Introduction
About 7 years ago or so I had a graduate student working on geographic patterns of arson in Toronto. We published one of the chapters from her work, but then the other one lingers. It lingers because it was pretty clear to me that in spite of the fact that our analysis suggested some interesting processes at work, arson is a black swan.
What do I mean by black swan? Well, I mean it in the sense used by Nasim Taleb, a cranky statistical philosopher who authored three important books: Fooled by Randomness (my favourite), The Black Swan and Antifragile. Taleb’s focus is on black swan events–very rare but highly impactful phenomena that are very hard (if not impossible) to predict, but that we often come up with explanations for after the fact. Examples include stock market collapses and major terror attacks. Taleb argues that we give false authority to experts who claim to understand black swans, and recommends that instead of trying to predict or explain these events, we should learn how to build systems that actually benefit from black swans when they do happen.
Arson is a black swan spatial process because the realization of arson frequency in space is made up of a small amount of explanable variation (population, poverty, housing conditions, street permiability) and a whole lot of hard to explain variation. The unexplained variation could be due to many processes, known and unknown. For example, the unexplained variation could be driven by serial behaviour; an arsonists sets a large number of fires in a small area in one year, and then nothing in the next. We know that serial criminal behaviour occurs, however predicting it is hard (if not impossible). Or perhaps it has to do with some unknown process.
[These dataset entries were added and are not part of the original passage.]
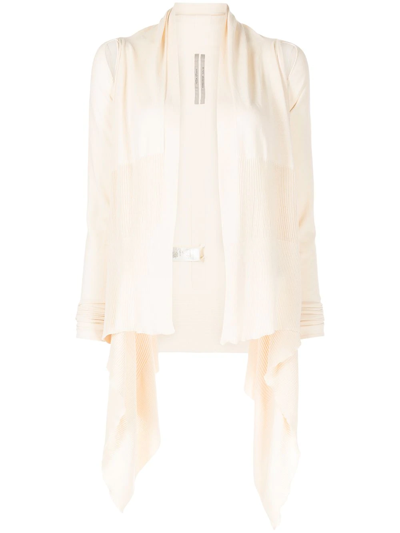 Rick Owens Cut-out Draped Cardigan In Neutrals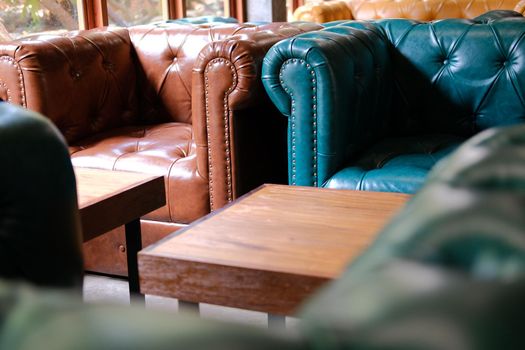 leather chair in living room
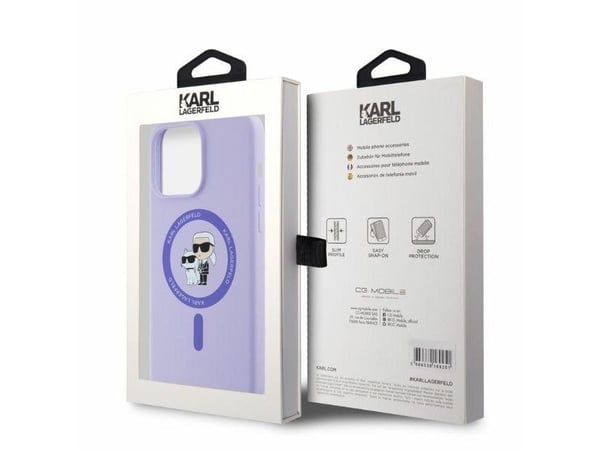 Karl Lagerfeld silikon Karl & Choupette-hoder ring MagSafe-etuiet til iPhone 15 Pro Max - lilla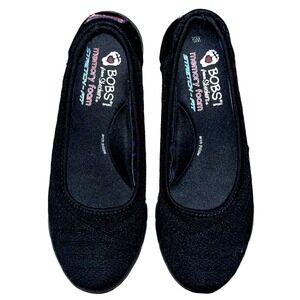 BOBS‎ from Skechers black memory foam stretch fit mesh slippers 6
In either case, our work on this problem strongly suggested that predicting the location of small clusters of intense arson activity will occur in the long run is a fool’s errand.
What’s the problem?
It is fairly easy to publish research showing only the explained part of a system even if the explained part is a small component of the variation of the system overall. This is because any explanation (even if small) seems to be of some value. If a physician tells you that you need to change your diet to reduce your blood pressure, she’s not making a specific prediction about what will happen to your blood pressure if you don’t change your diet. This is impossible to know. in fact, most variation in blood pressure is not caused by diet. Nevertheless, she’s using information that shows how diet explains some variation in blood pressure in populations as a whole to offer you advice that, on average, is probably helpful.
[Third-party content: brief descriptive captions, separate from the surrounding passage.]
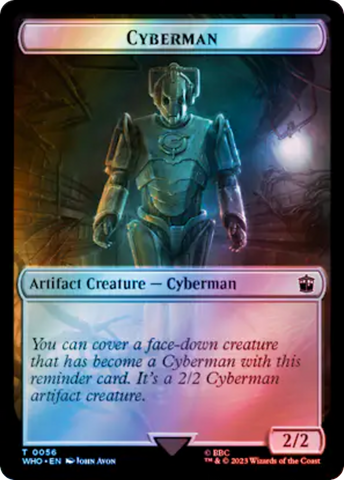 Alien Rhino // Cyberman Double-Sided Token (Surge Foil) [Doctor Who Tokens] Magic: The Gathering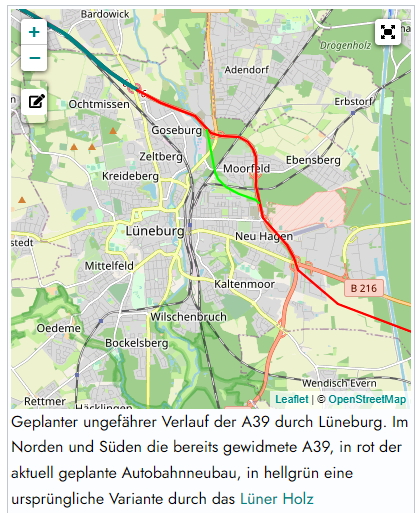 Geplanter Verlauf A39. Grafik: Lünepedia / OpensStreetMap.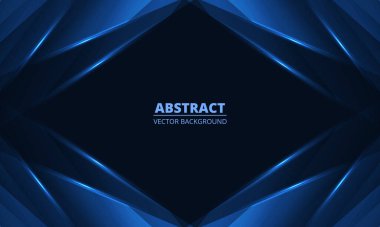 Çerçeve ve köşegen dinamik parlayan çizgilerle soyut mavi vektör arkaplanı. Broşür, bayrak, iş, şirket, kapak veya poster için modern zarif ve soyut mavi arkaplan.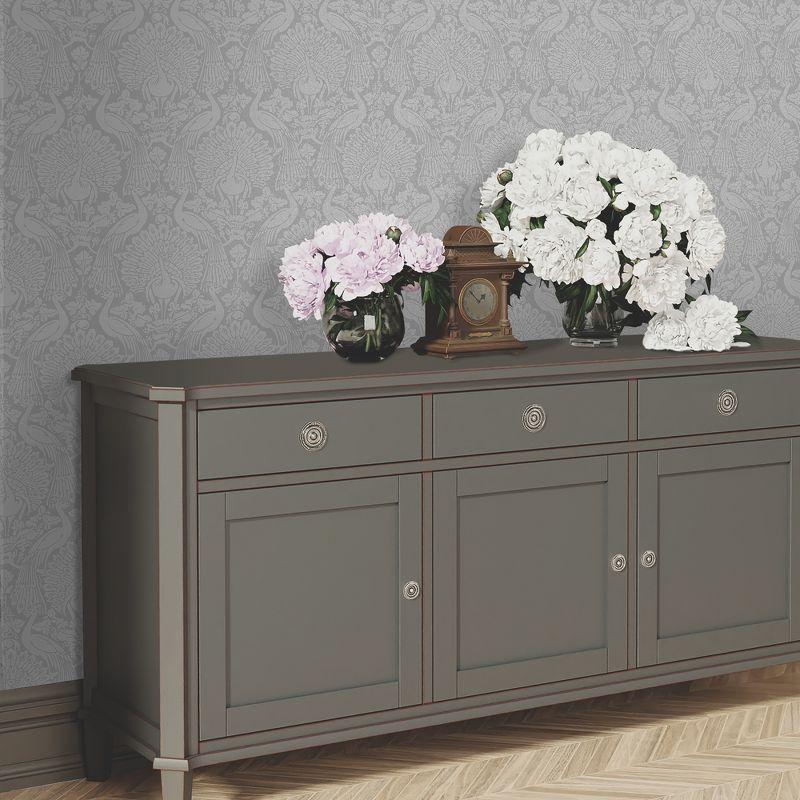 Laura Ashley Peacock Damask Pale Slate Wallpaper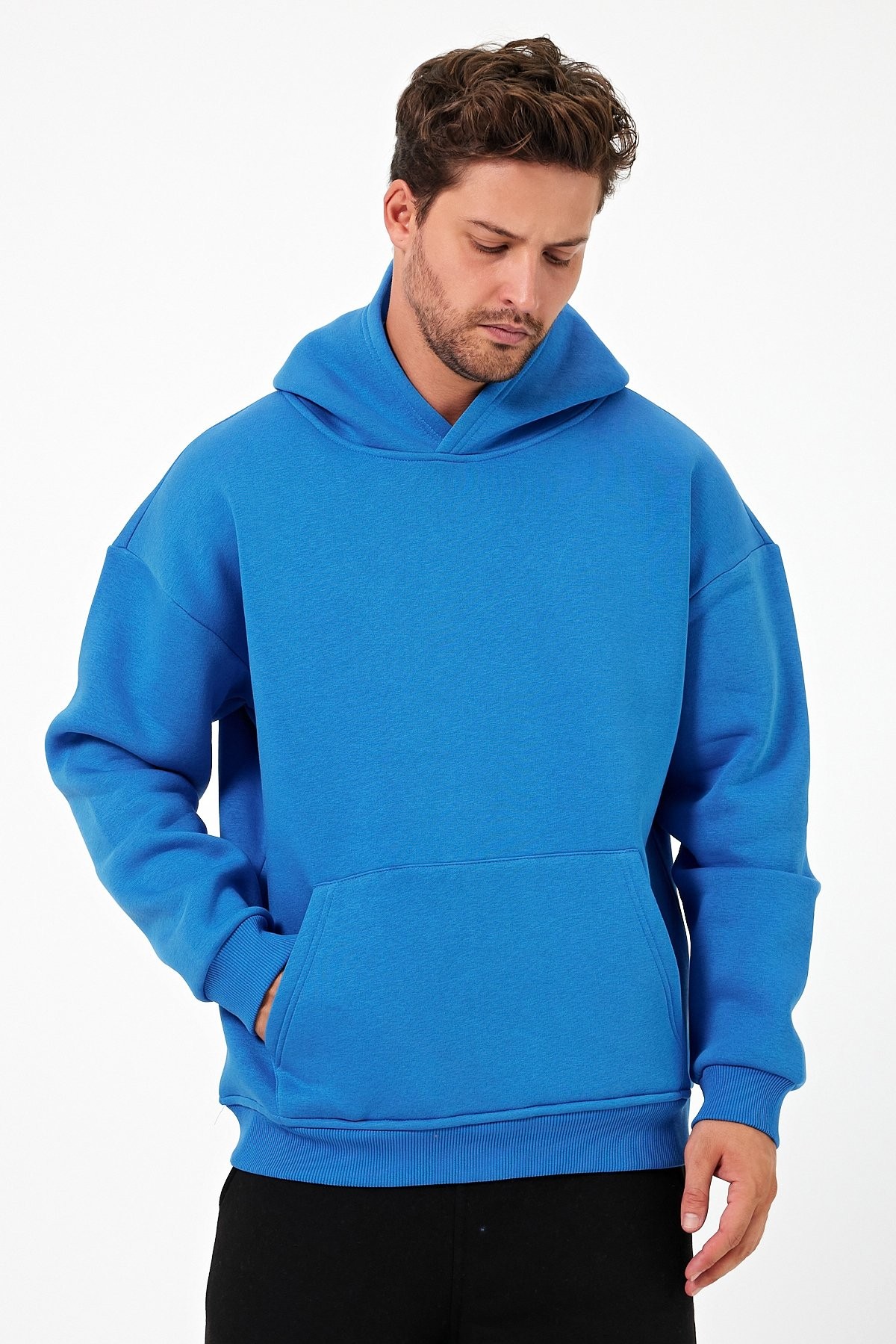Kapüşonlu Sweatshirt - Saks Mavi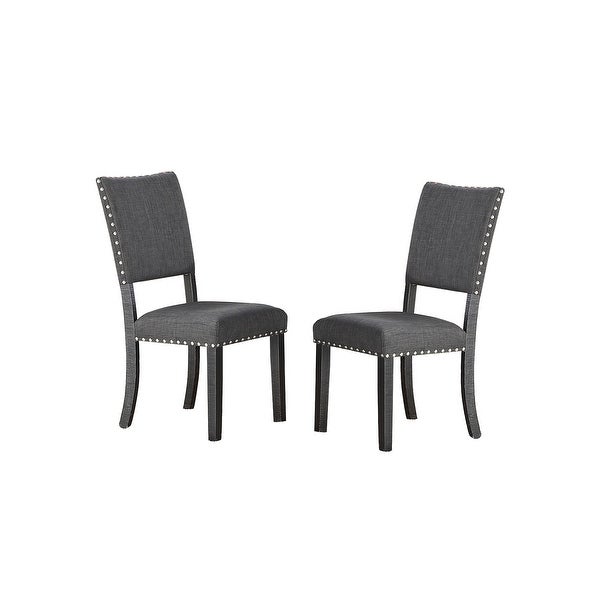 Set of 2 Upholstered Fabric Dining Chairs wiht Sturdy Wooden Frame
When we worked on the factors that explain geographic variation in arson, my student came up with a model that explained some of the geographic variation in arson. She was even able to identify which areas of the city had higher and lower arson frequency in the long run. However, year to year black swans (what I suspect are probably clusters of unpredictable serial arson behaviour) made the predictions of arson quite poor, usually leading to major under-predictions. The following figure is illustrative:

Purple dots are the count of arson across Toronto neighbourhoods–the variation from place to place is quite variable, and varies considerably year to year
The purple dots on this figure are the actual number of arson events in a given year across Toronto neighbourhoods. In some neighbourhoods there are over 35 arson events in a year, but the city average is around 2 or 3. Attempts to model these data using things like population, commercial activity, poverty, street permiability and other factors can’t predict these extreme variations, and we never found a term to put into a model that picks up much of this variation in a training data set and can then predict the variation in other data sets.
(technical note: what’s particularly funny about this above example is that the ‘best’ performing model structure here is the old-fashioned linear model, seemingly because it picks up the possibility of extreme variations better than models that attempt to parameterize it through some specific model link structure or some scaling parameter.
Conclusion
Given enough data, anyone can model some of the pattern in almost any phenomena. The fundamental question is how well can your model predict future patterns? For this arson project, the predictions were just not compelling enough; sure, we could predict the relatively higher and lower arson neighbouhoods, and some of the factors that may explain some variation from neighbourhood to neighbourhood. However, the real challenge is being able to predict the extremes–the neighbouhoods which are suddenly targetted by serial arsonists, and result in a large number of arson events that whip up fear and threaten the safety of a community. This is not a simple task, and we certainly had no luck with it, so the chapter sits unpublished.
This also points to the importance of context; a model that explains a small amount of variation in a system might be very useful if if that knowledge can save lives, or save money. In this case, I did not feel that our model was useful for anything–not for arson prevention, policing, urban design, etc., even if it did explain some variation in arson. However, going back to the hypertension example, there is evidence that a little information about diet and hypertension might be useful at a population scale.